It’s annoying isn’t it? You wait for one compelling documentary series to appear on TV and two come along at once, and both are on Channel 4. The first is the brilliant biographical stories of the Daredevils series which chronicles some of the world’s most amazing, and crazy, stunts. The second, and easily the stronger of the two, focuses on a handful of the main Hampshire police force's investigations and goes by the suitably punchy name of The Force.
Hampshire Police Murder Investigation: Operation Fletcher
Episode one of this three-part series starts in May 2008 and follows the murder of a woman whose body was found burned on a country line and the enquiry, dubbed Operation Fletcher, taken by the major crimes team lead by Detective Chief Inspector Jason Hogg.
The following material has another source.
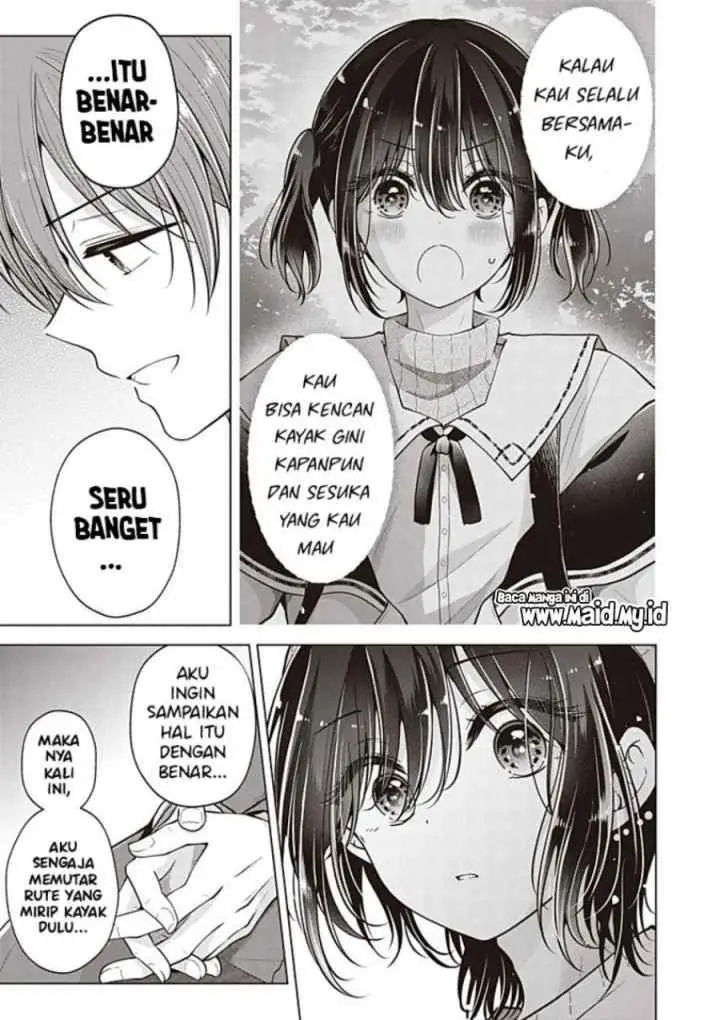 Osananajimi(♂) wo Onnanoko ni Shiteshimatta Hanashi chapter 117 halaman 5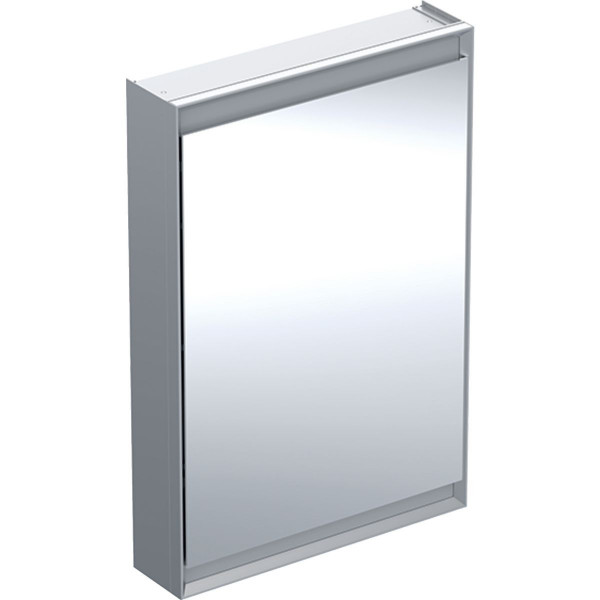 Bathroom Mirror Cabinet Geberit ONE 1 Door hinged on the right 600x900mm Aluminium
Basically The Force tries fiercely hard to show that police work isn’t a simple case of catching the bad guys and throwing them in prison. There’s procedure, gathering evidence, building profiles of the victims and the offenders, there’s forensic analysis, co-operating with the media, dead ends and finding important witnesses that might throw up key leads.
Such is the unforgiving nature of police work on day two and after initial forensic there’s very little to go with meaning that there could be an incredible up-hill struggle waiting for the team. “It’s not like how it is on TV,” says Hogg, “looks like we’ll have to go back to old fashioned detective work.”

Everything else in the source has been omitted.